**Problem statement**
Each line from the one holding "SQAIRZ Golf Shoes" through the end of the records should be returned exactly, while pictures are skipped.

Stored data entries

"""

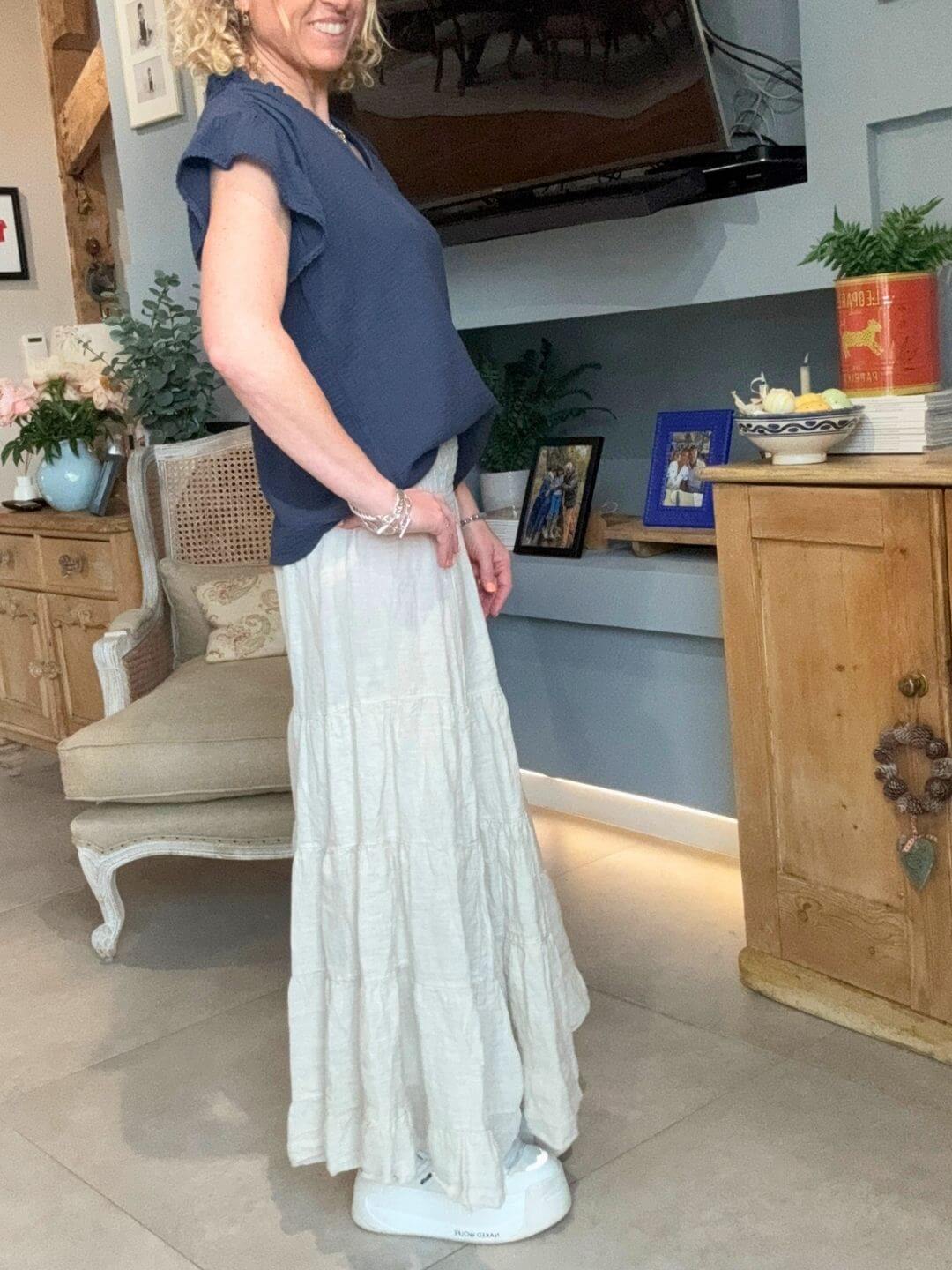Lulu Linen Maxi Skirt | Stone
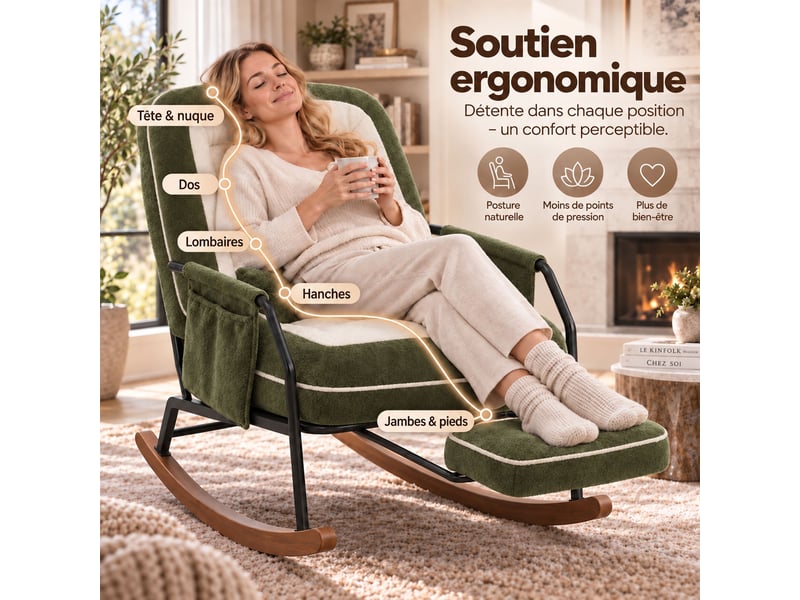  Fauteuil à bascule moderne avec dossier inclinable 100°-160°, repose-pieds escamotable, coussin en fausse fourrure de lapin,vert  - Conforama D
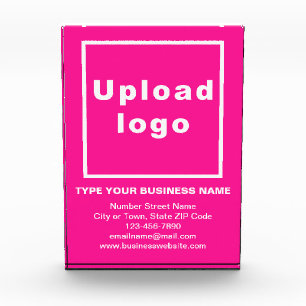 Bloc Photo Marque d'entreprise sur rectangle de portrait rose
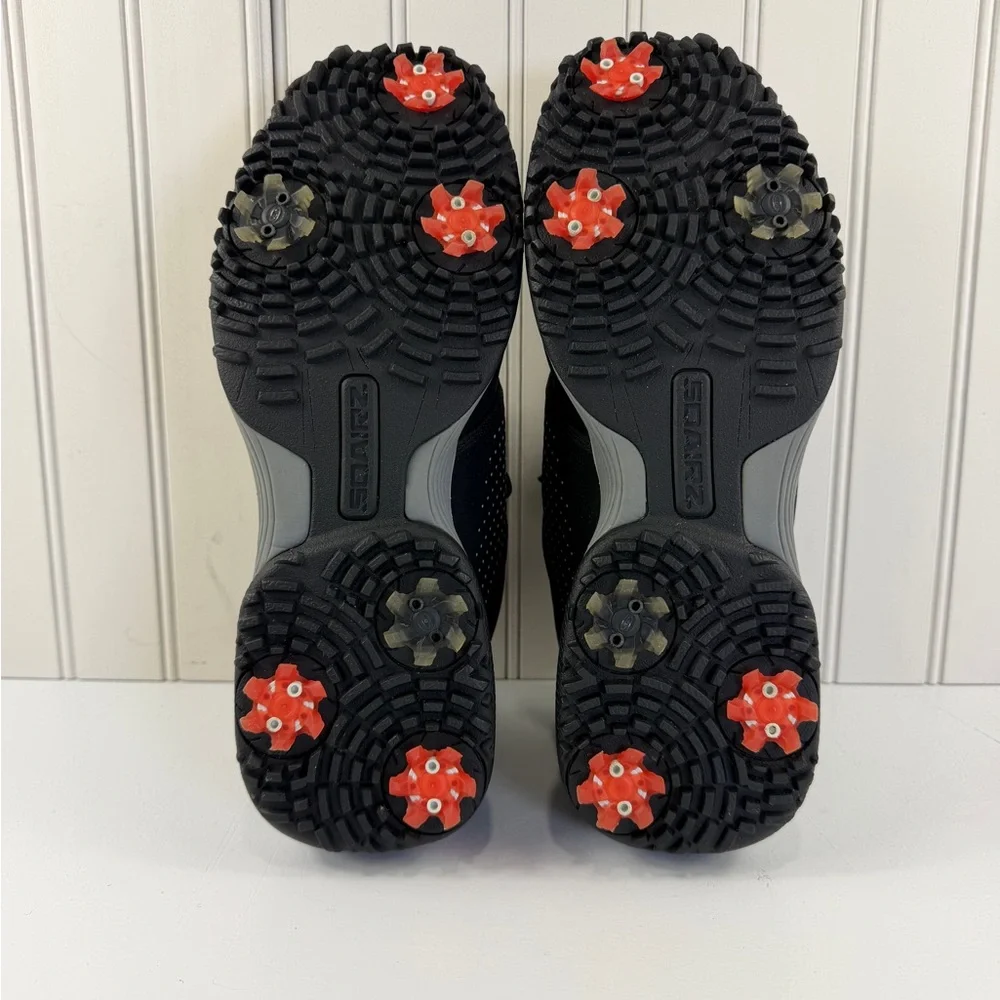 SQAIRZ Golf Shoes Mens Size 7.5‎ Black Gray Spiked Cleats Lace Up Square Toe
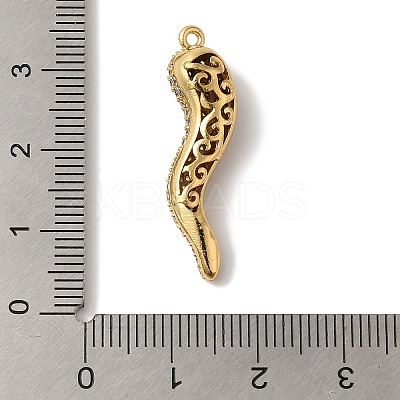 Rack Plating Brass Micro Pave Cubic Zirconia Pendant KK-A229-03G-G-1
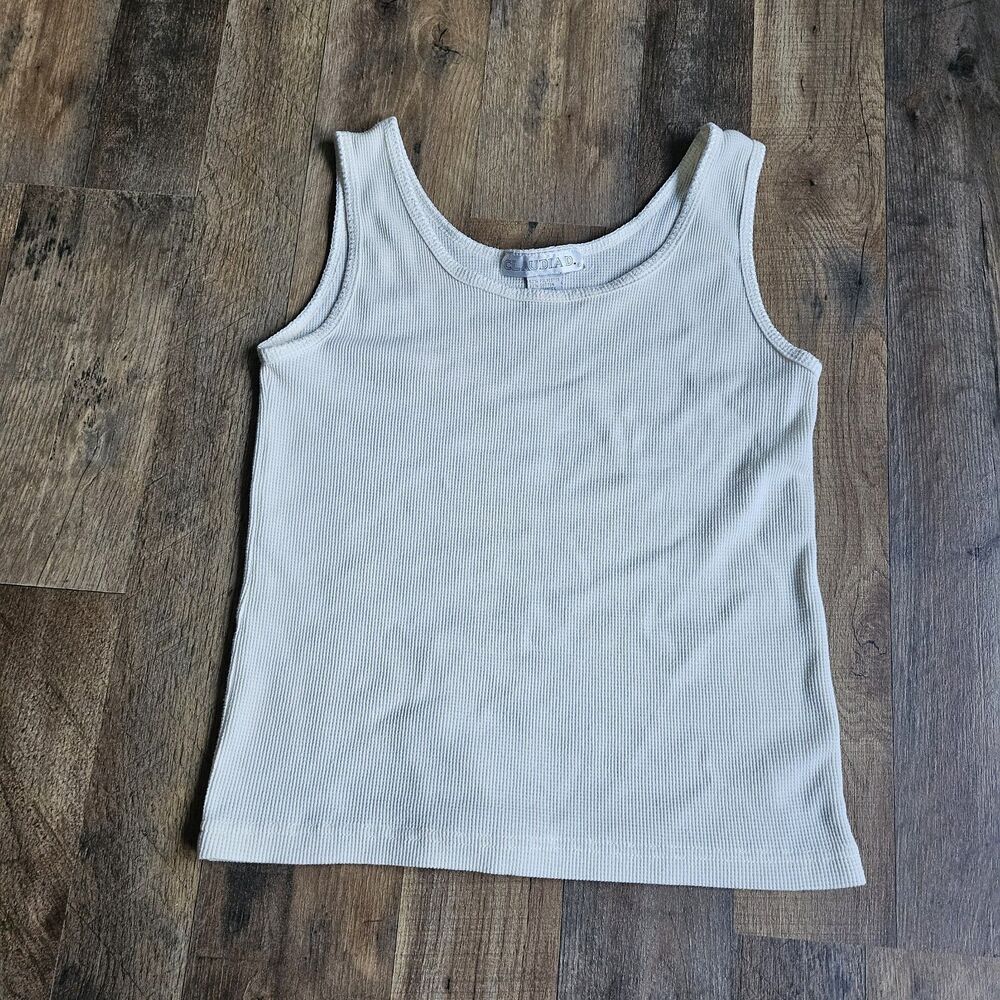 Vintage Claudia D Cream Ribbed Thermal Tank Top Coquette Fairycore Basic M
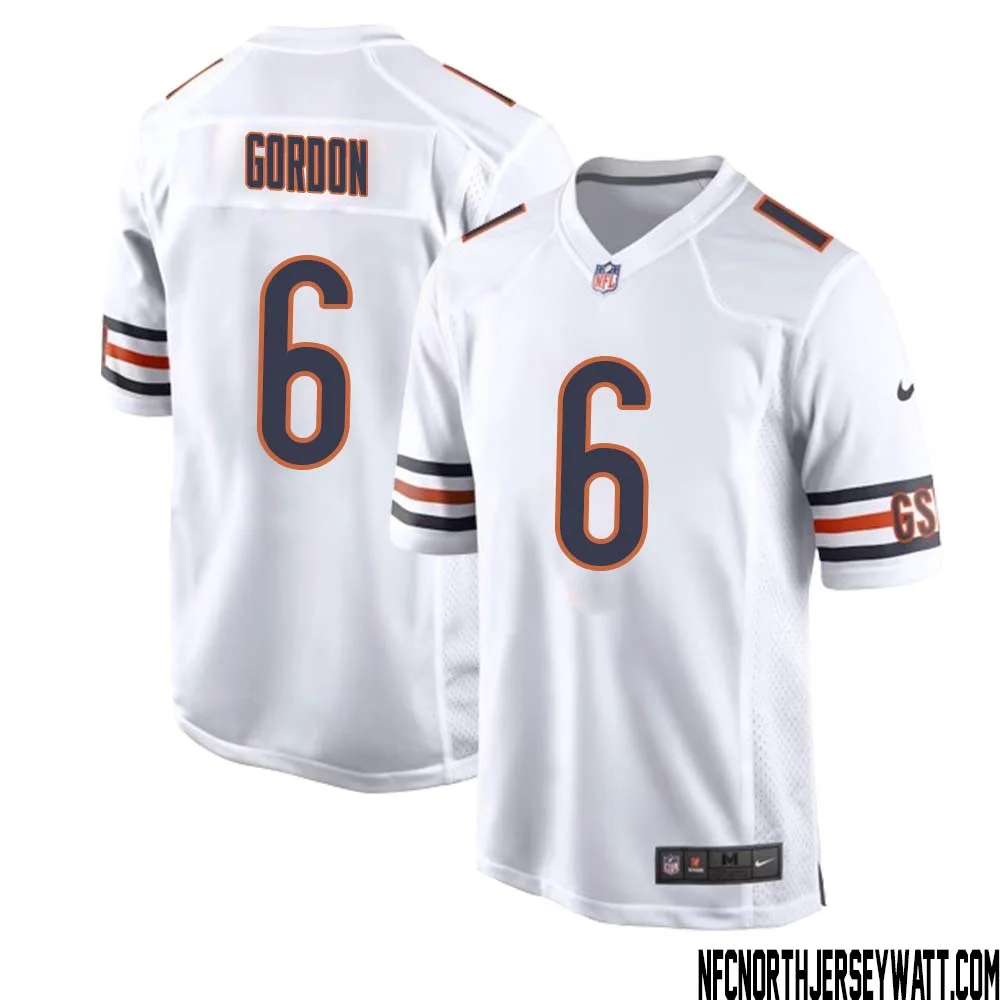 Kyler Gordon No 6 Men White Chicago Bears Away Game Jersey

"""

**Your solution**
 SQAIRZ Golf Shoes Mens Size 7.5‎ Black Gray Spiked Cleats Lace Up Square Toe
 Rack Plating Brass Micro Pave Cubic Zirconia Pendant KK-A229-03G-G-1
 Vintage Claudia D Cream Ribbed Thermal Tank Top Coquette Fairycore Basic M
 Kyler Gordon No 6 Men White Chicago Bears Away Game Jersey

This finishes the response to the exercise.